I’d love to write just one tiny jewel of a post each day, like Casey, my SalonQ roommate (and maybe, someday, I’ll try that as a writing exercise) — but even then that would be just a different form of highly curated online life. Nothing — hello, Atlanta! — like meeting up with a bunch of bloggers in real life to realize just how little you know about the intimate details of each other’s day-to-day existence. I see things the boys are doing (like walking together, without us, to school together in the mornings, drinking their travel mugs of Rooibus tea and chitchatting away like little old men; we watch them from the side window and then the kitchen window as they make the first street crossing and I love the way they interact on this joint journey of theirs, not a big deal in the slightest to them, unless I’m wrong), and I want to document them in the space, write them all down. But I don’t.

And then there’s the novel. I haven’t wanted to write here about the novel.

I’d pledged to have a complete third draft by the end of October. And I haven’t made good on that pledge. I had 37 pages left to go, and I started, several weeks ago now, to reread the manuscript with the intent to complete it, and then I hit a wall. Then, all the problems that I had been willfully ignoring for so long reared their ugly heads and the idea of solving them now seems insurmountable.

Or, at the very least, not worth it.

This is the point where I expect you, my real or imaginary reader to jump in and say, “No! Of course it’s great! Of course it’s worth it to finish — it’s your baby! You’ve worked so hard!”

If that your impulse, thanks, but please don’t say that. (Unless you’re one of the two other people in the world besides me who’s read the whole thing through. Feel free to message me privately.)

Because I’m not so sure, right now. I like the premise, but I still have a major plot point to figure out for the whole thing to work. Of the four main characters, only one, as far as I can tell, has a real motivation. I’ve never been able to figure out, for example, what one of the two main protagonists actually does for a living, why she does what she does, why she’s, say, (still) married to the person she’s married to. I’m not quite sure that external events don’t force the whole thing along, rather than the characters’ motivations and growth. Parts of it, definitely, sing on the page, but many other parts of it feel stifled, clunky, forced.
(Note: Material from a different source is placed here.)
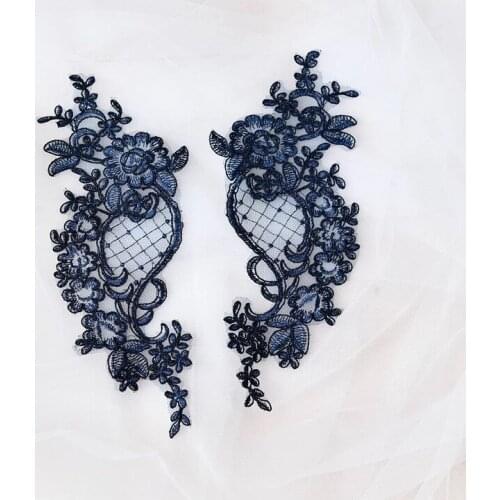 1 Pair Ivory White Red Navy Blue Lace Applique Flower Sequin Lace Fabric Decoration For Sew On Cloth Accessories Costura Craft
It’s well written, for the most part — I can string together words. This, I know. But the ability, however strong, to string together words is not the same thing as the ability to write a successful, full-length novel. Or maybe it’s not the same thing as the ability to write THIS novel successfully.

Is this manuscript my baby? Not really — it’s been around since at least 1996, which means that it can drive and take a good amount of responsibility for its own self and the world. And while I owe it some debt of dignity, maybe that debt is already paid and it’s time to look at other things.

Or maybe it’s not my baby at all. Maybe it’s a long-term relationship that has exhausted its capacity. Maybe this manuscript and I would be better off parting ways amicably, wishing each other well on the next adventure and thinking of each other fondly as opposed to assuming that we’ve failed each other.

As melancholy as this all sounds, I don’t feel particularly melancholy about it. I definitely feel as though I need closure, and that’s a hard thing to do with a creative project that I could pick up at any time. So what I need is a decision for the time being. And what I’m leaning toward is putting the whole thing away for a year or two while I do some other stuff (like, oh, this one-woman show, or short stories, or more essays, which I've been missing sorely … or I could learn to play guitar), and then, if I feel like it, getting out some index cards and parsing out the main plot points from scratch, and rewriting it from the beginning.

Or not.

Or I could write a completely new novel.

Or no novel at all.

I really don’t know. But at least now I’ve cleared the air. And that feels good.

(The writers among you: have you been in this situation? Have you ever abandoned a long-term project because you knew it was no longer the right one? Have you ever returned to and completed an abandoned project? I’d love to hear what you have to say.)